━━━━━ Data to use

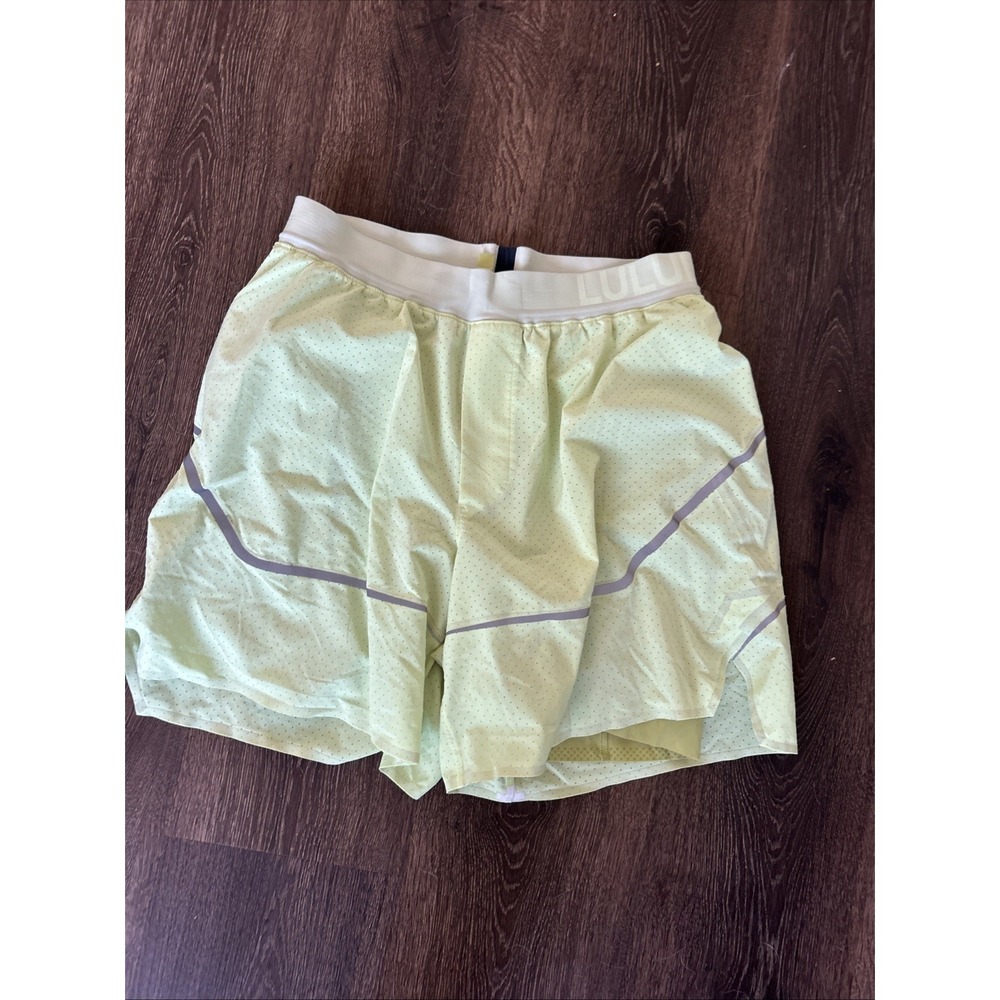 Lululemon Surge Lined Shorts Men's S Faded Zap/Wasabi Special Edition 6" Gym
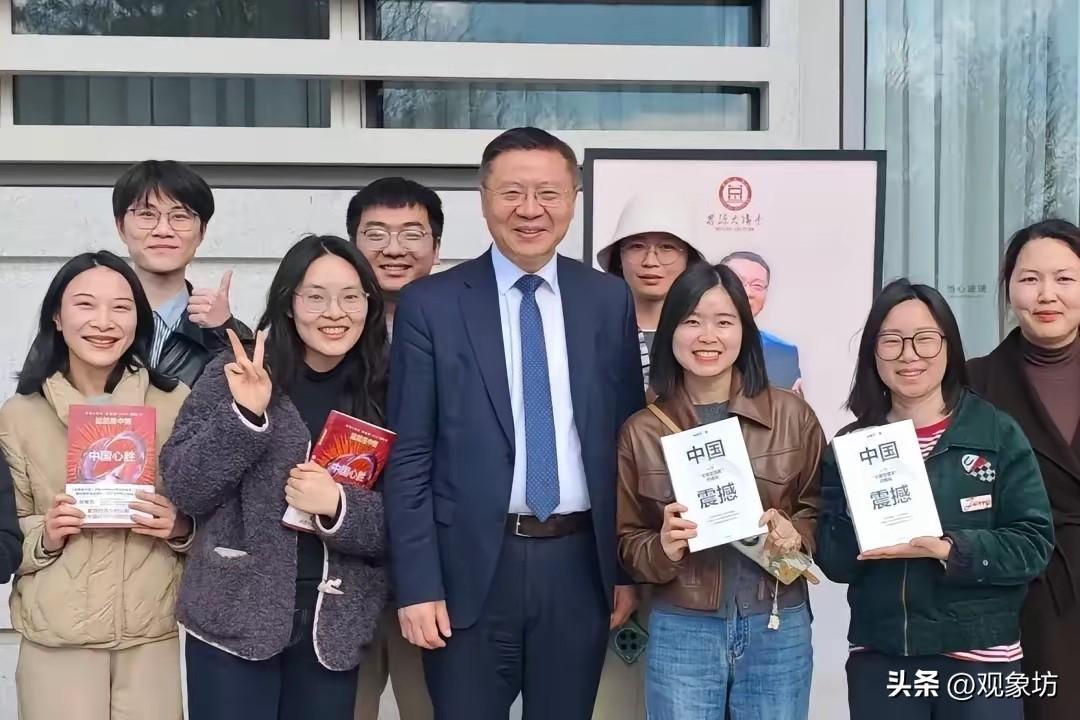 张维为四川行，粉丝手捧著作求签名，学者影响力可见一斑

近日，复旦大学特聘教授、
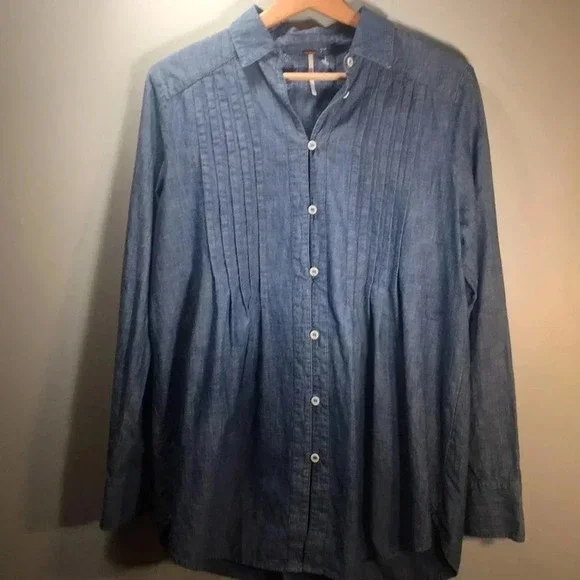 Free People Chambray oversized fit size s/p EUC - Picture 2 of 8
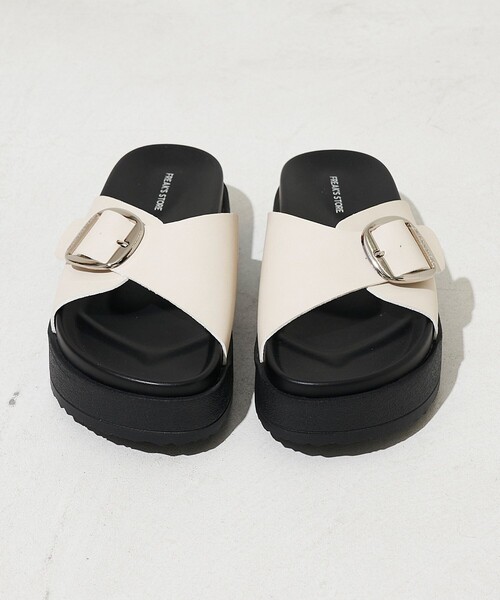 FREAK'S STORE（フリークスストア）の「限定展開　ワンベルト 厚底 サンダル（サンダル・レディース・グレー/オフホワイト/ブラック/ダークブラウン・37/36/38）」の5枚目の写真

━━━━━━━━━━

▶ **What is expected**: What you return should be the exact lines from the one containing "Free People Chambray" through the end of the listing above, both included, minus any pictures.

▶ **Response to this task**:
 Free People Chambray oversized fit size s/p EUC - Picture 2 of 8
 FREAK'S STORE（フリークスストア）の「限定展開　ワンベルト 厚底 サンダル（サンダル・レディース・グレー/オフホワイト/ブラック/ダークブラウン・37/36/38）」の5枚目の写真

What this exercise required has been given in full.